Huis van Bewaring in Groningen

Martha komt terecht in eenpersoonscel nummer 2 waar reeds drie dames en een jongen in aanwezig zijn. Celgenoot Kea Ebbens schrijft na de oorlog in een brief aan zoon Geert: “In de cel hebben we vreselijk veel plezier met elkaar gehad. Ik weet nog best, Uw moeder had altijd slaapsokken aan en ze sliep op het opklapbed, terwijl het andere meisje en ik tussen ’t ledikant en het opklapbed sliepen en dan dikwijls doordat we op de grond lagen, trokken we even ondeugend aan een puntje van haar deken of ook wel eens, stopten we haar als een klein meisje onder de dekens. Ze heeft ook nog enige keren jullie “fluitje” gefloten, want ze verbeeldde zich jou te horen fluiten.” Moeder en zoon zaten op dat moment allebei in het Huis van Bewaring. 

Verhoor en door naar Vught

De SD’er Lehnhoff verhoort Martha drie uur lang op 11 juli 1944 in het Scholtenhuis in Groningen. Celgenoot Kea schrijft in 1945 aan zoon Geert: “Lehnhoff had haar verteld dat jij die verboden krantjes vermeerderde en dat je Moeder dat wel wist. Nadat hij het rapport opgemaakt had en Uw Moeder d’r handtekening moest zetten, had ze gevraagd of ze d’r bril even op mocht halen, want die had ze vergeten, dat vond hij ook best.” Op 14 juli gaat Martha op transport van Groningen naar Vught en krijgt daar kampnummer 377. 

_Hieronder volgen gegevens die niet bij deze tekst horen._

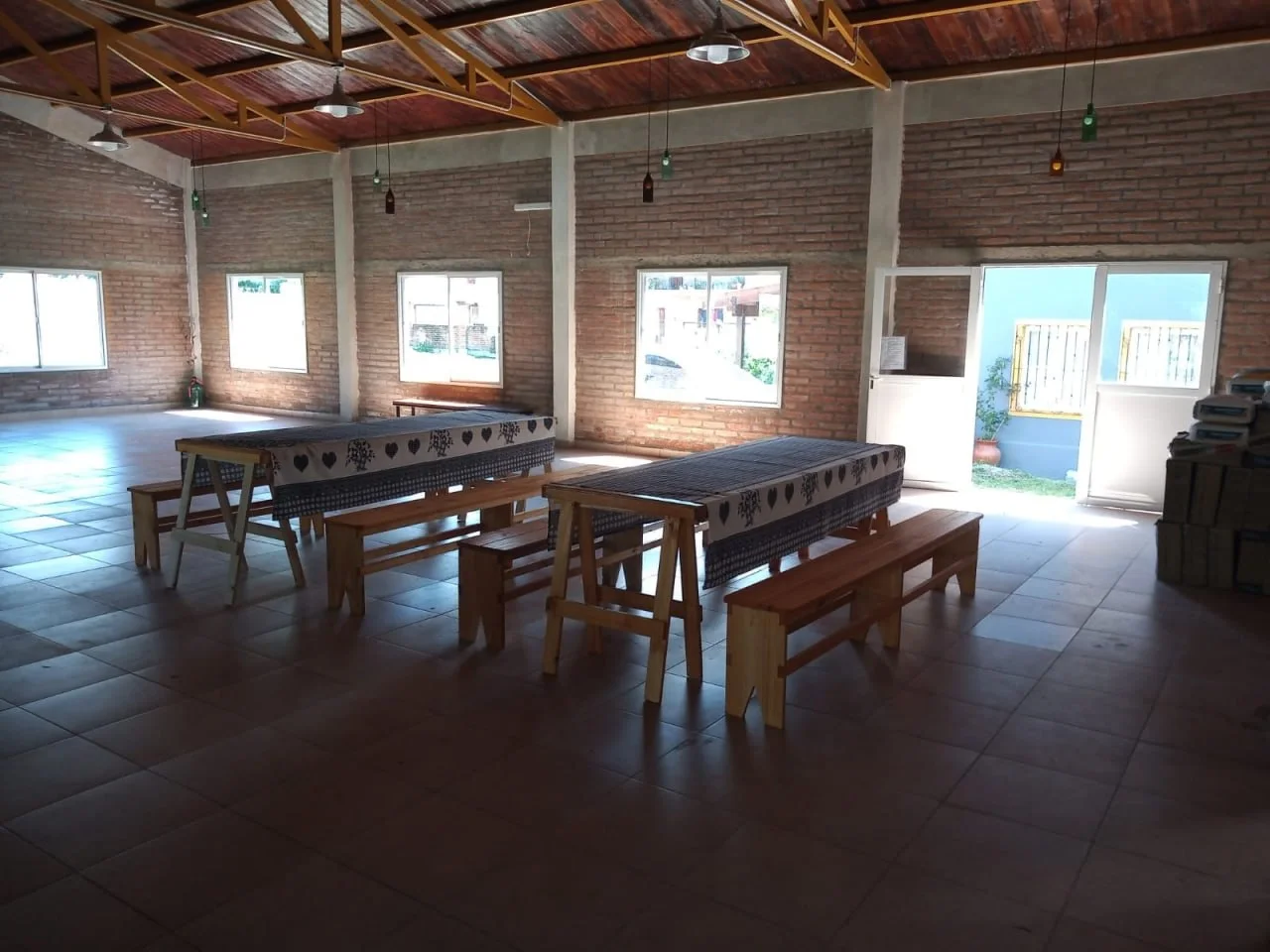 Salón amplio con mesones y bancos de madera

Breicommando in Ravensbrück

Door: Mea Mees-Verwey

Op 6 september 1944 is Martha met het laatste transport van Vught gedeporteerd naar Ravensbrück. Martha krijgt kampnummer 66995. Een kampgenote meldt na de oorlog dat zij tot 3 december 1944 met Martha samenwoont in blok 28. Martha wordt ingedeeld in het breicommando, dat zich bezighoudt met het breien van sokken voor het Duitse leger. “Martha klaagde weinig”, schrijft getuige van Dantzig en “floot zij niet, dan haperde er wat aan en de laatste tijd deed zij dat dan ook minder”. De Haagse verloskundige Nelia Epker ligt met Martha in januari in de ziekenbarak. Na de oorlog schrijft Nelia aan zoon Geert: “Zij was er toen al slecht aan toe. Had het aan de voet. Die was bevroren en moest afgezet worden. Wij zijn daar ongeveer vijf dagen samen geweest. Ik ben elke morgen een half uurtje met haar gaan praten. Ze was opgewekt. Helaas kan ik me niets meer herinneren van wat ze vertelde. Het geheugen van ons allen was daar zo slecht, bovendien werd elke indruk altijd direct weer vervangen door nieuwe indrukken. Zij was in het Lager vriendin met mevrouw Simonis uit Den Haag, die een paar weken eerder in januari overleden was. Ze heeft nooit zwaar hoeven arbeiden. Uw Moeder was bij de zogenoemde breisters, maar het leven zelf in Ravensbrück was al zwaar genoeg.” Naast dat Martha haar voet moet missen, krijgt ze ook koudvuur en dysenterie. Een andere kampgenoot schrijft na de oorlog: “… totdat eindelijk het verlossende oogenblik voor haar aanbrak en dat zij voorgoed insliep.” Martha overlijdt op 24 januari 1945. Martha is in Ravensbrück begraven.

Veel dank aan de familie voor de foto’s en de bijdragen aan deze familiegeschiedenis.